The Lotus Cars Community banner

1 - 20 of 24 Posts

·
Registered
Joined
·
218 Posts
Discussion Starter #1
After sitting in Bremerhaven, Germany for 2.5 weeks, they finally got it on the boat today to Tallinn. It's due to arrive at the end of this week.

My Elise is the only car in a 20-foot container. I believe they disconnected the battery and drained the fuel (standard procedure for shipping cars). Even if there is some fuel left, I assume the battery is dead from sitting unused for a month.

So the question is -- what is the best way to unload it from the container? My friend shipped some Toyota Land Cruisers this way, and they just pushed them out. However, if this method is the best, I want to be careful only to push on the correct places.

Another option is to attach the tow hook and winch it out, but I'm not yet sure if we'll have a winch available.

Any advice? The company I'm using to handle all the details once the car has arrived (single-type certification, etc) imports lots of cars, but they've never done an Elise before, so maybe their usual unloading methods would not be appropriate.
 

·
Registered
Joined
·
891 Posts
My Elise is the only car in a 20-foot container. I believe they disconnected the battery and drained the fuel (standard procedure for shipping cars). Even if there is some fuel left, I assume the battery is dead from sitting unused for a month.
Unfortunatelly usually they are not disconect the battery.
I have bought 3 Lotus from US and shipped them by 20ft container each time.

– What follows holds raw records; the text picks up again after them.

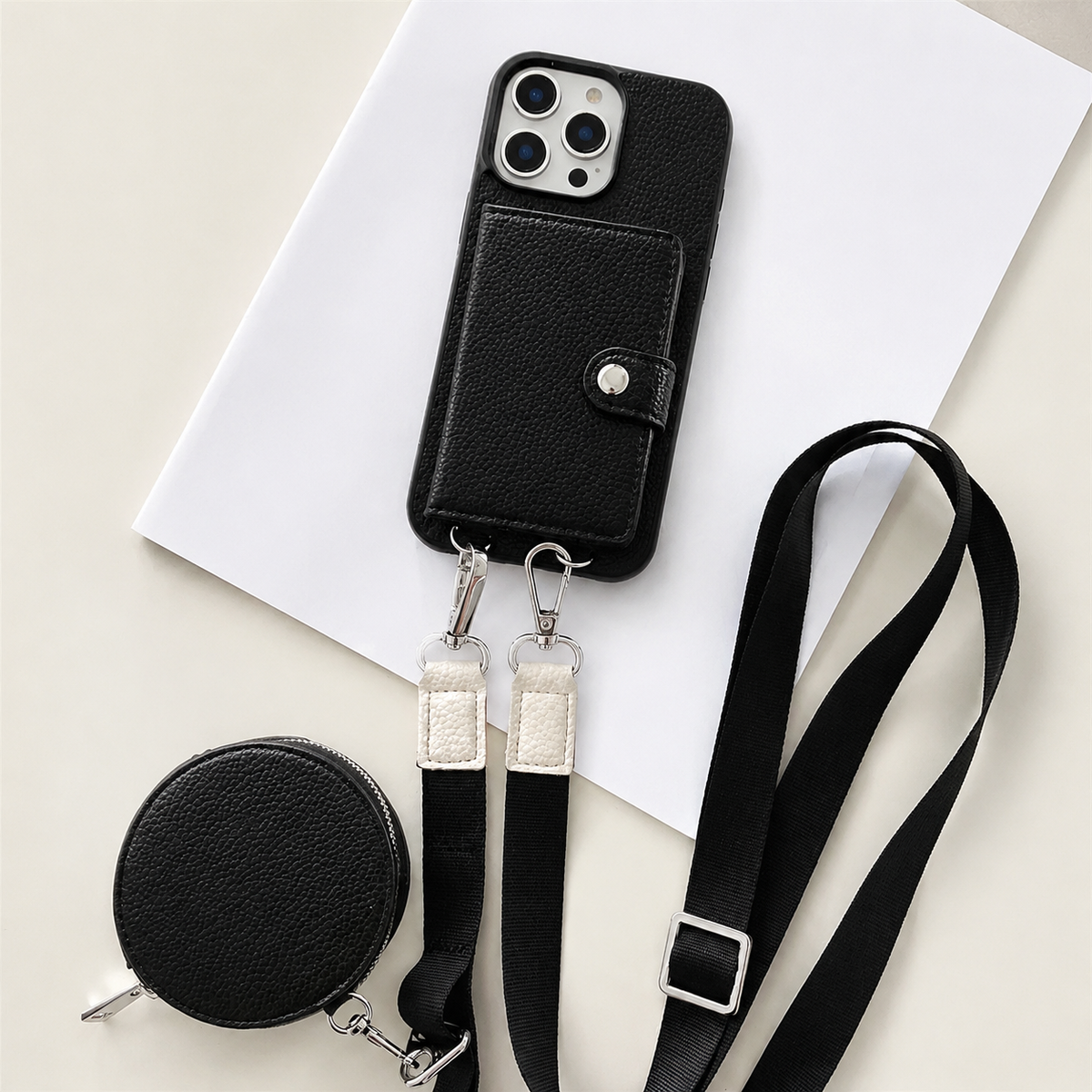 A black textured wallet phone case rests on an angled white sheet beside a matching round zippered pouch and long adjustable strap. A stitched card flap with a silver-colored snap covers the rear. Metal clips connect the strap to two loops on the phone's lower edge, with pale fabric sections near the clips.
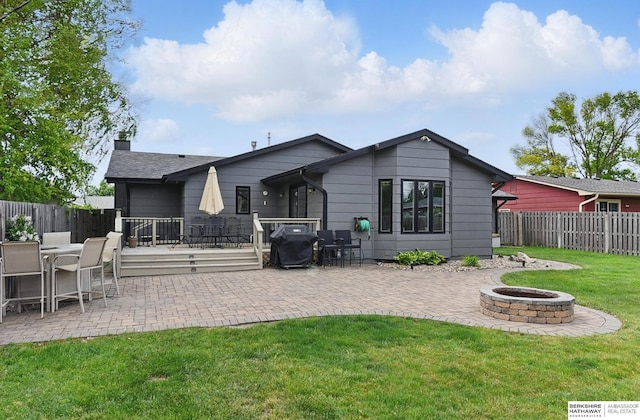2442 E 2nd St, Fremont, NE 68025 - rear view of property with a fire pit and a patio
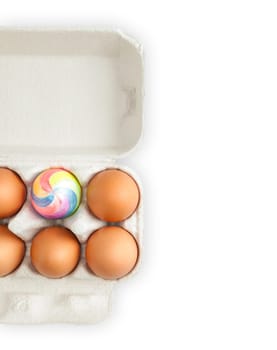 colorful painted easter egg in crate with ordinary eggs.  Isolated on white background. A lot of copy space.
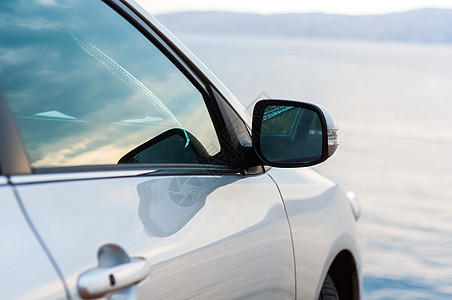汽车门把手户外汽车停车旅行镜子白色反射车辆玻璃蓝色运输发动机奢华背景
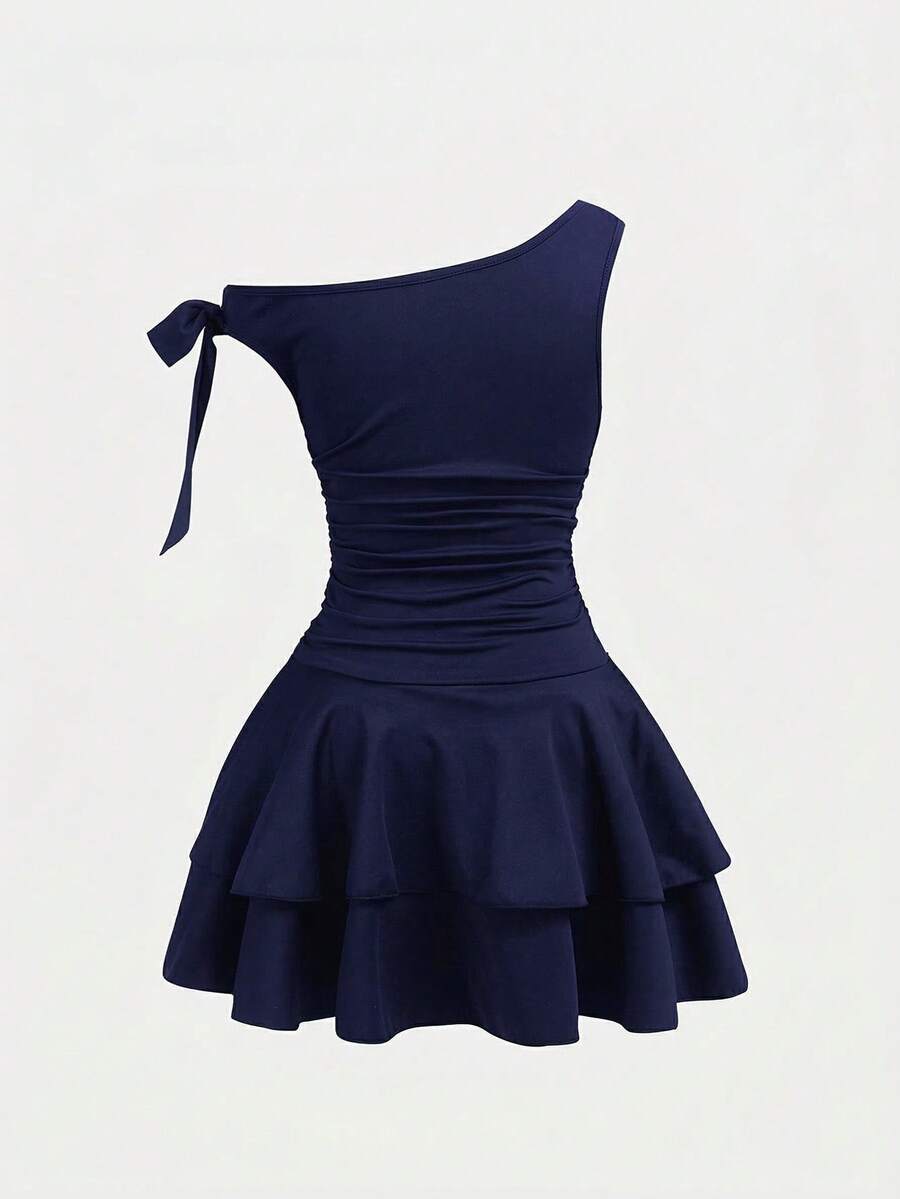 Tween girl wearing an apricot asymmetrical tiered sleeveless party dress with an A-line silhouette.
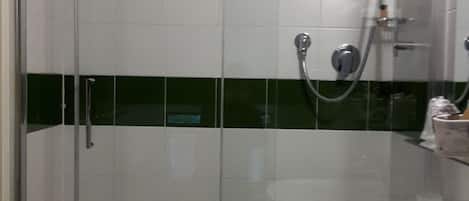 A bathroom with a glass-enclosed shower, a white sink, and a green stripe on the wall.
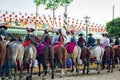 Group of riders on horseback at the April Fair, Seville Fair Feria de Sevilla Royalty Free Stock Photo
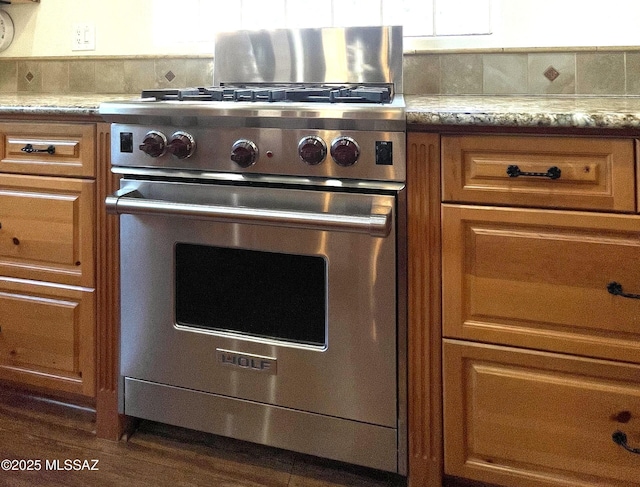 kitchen with brown cabinets, stainless steel range, and light stone countertops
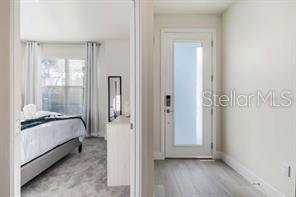 A view from a hallway looking into a bedroom with a bed and a door — 17102 BLESSING DRIVE, CLERMONT, FL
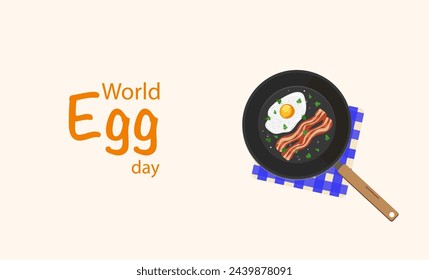  Happy World Egg Day concept with pan and egg
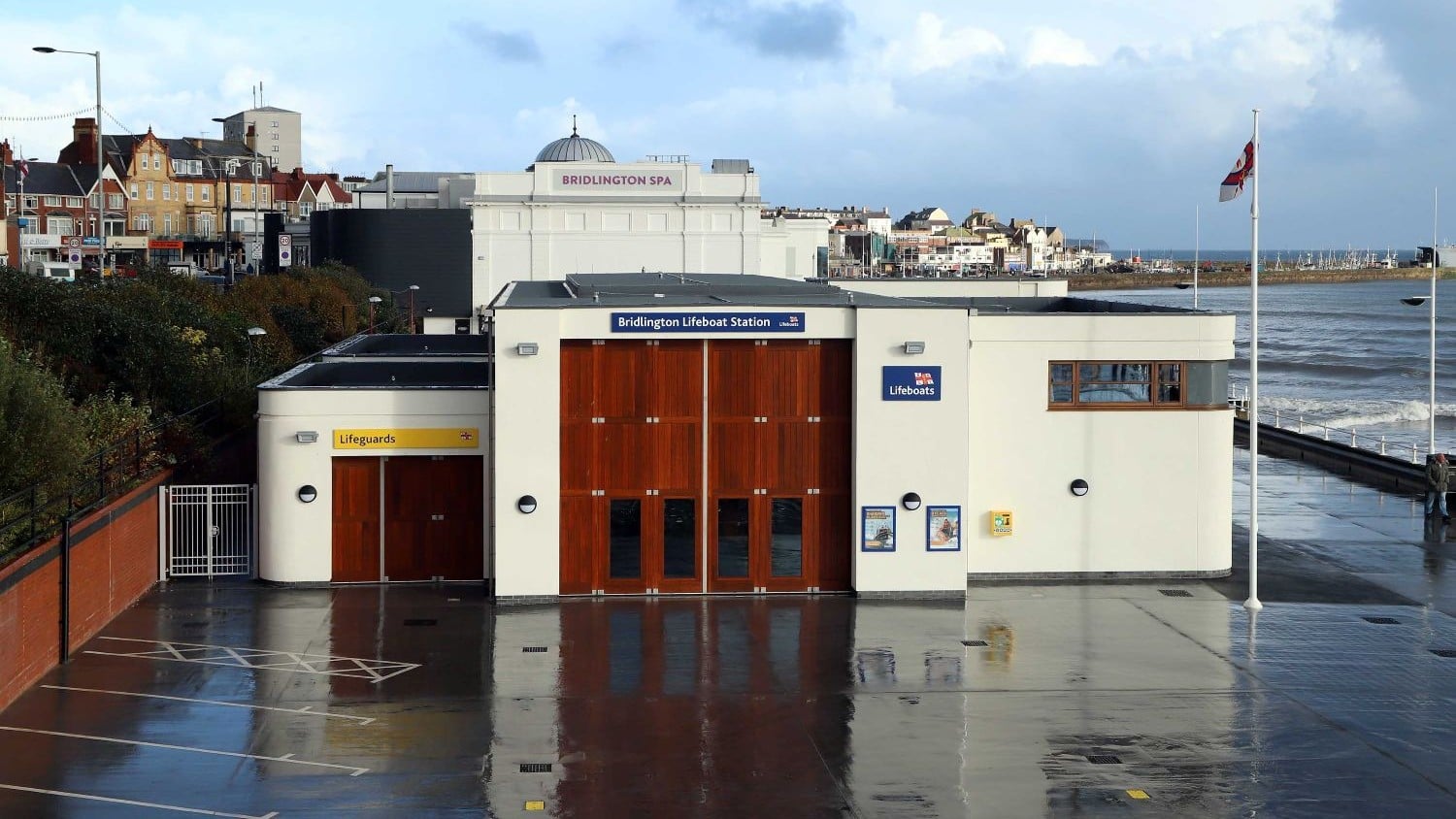 A white building on the sea front with large wooden doors to a boatshed and smaller wooden doors labelled lifeguards.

Any time every car was battery failured.
They left car lights on for better view on the dark container when they were tightened the car inside ...

(sorry for my bad english)
 

·
Registered
Joined
·
891 Posts
After sitting in Bremerhaven, Germany for 2.5 weeks, they finally got it on the boat today to Tallinn. It's due to arrive at the end of this week.

My Elise is the only car in a 20-foot container. I believe they disconnected the battery and drained the fuel (standard procedure for shipping cars). Even if there is some fuel left, I assume the battery is dead from sitting unused for a month.

So the question is -- what is the best way to unload it from the container? My friend shipped some Toyota Land Cruisers this way, and they just pushed them out. However, if this method is the best, I want to be careful only to push on the correct places.

Another option is to attach the tow hook and winch it out, but I'm not yet sure if we'll have a winch available.

Any advice? The company I'm using to handle all the details once the car has arrived (single-type certification, etc) imports lots of cars, but they've never done an Elise before, so maybe their usual unloading methods would not be appropriate.
If your battery is not failured you are getting in (be carefully to do not hit the door on container side wall ) and jump start.

If your battery is failured just you are pushing the car outside by hand .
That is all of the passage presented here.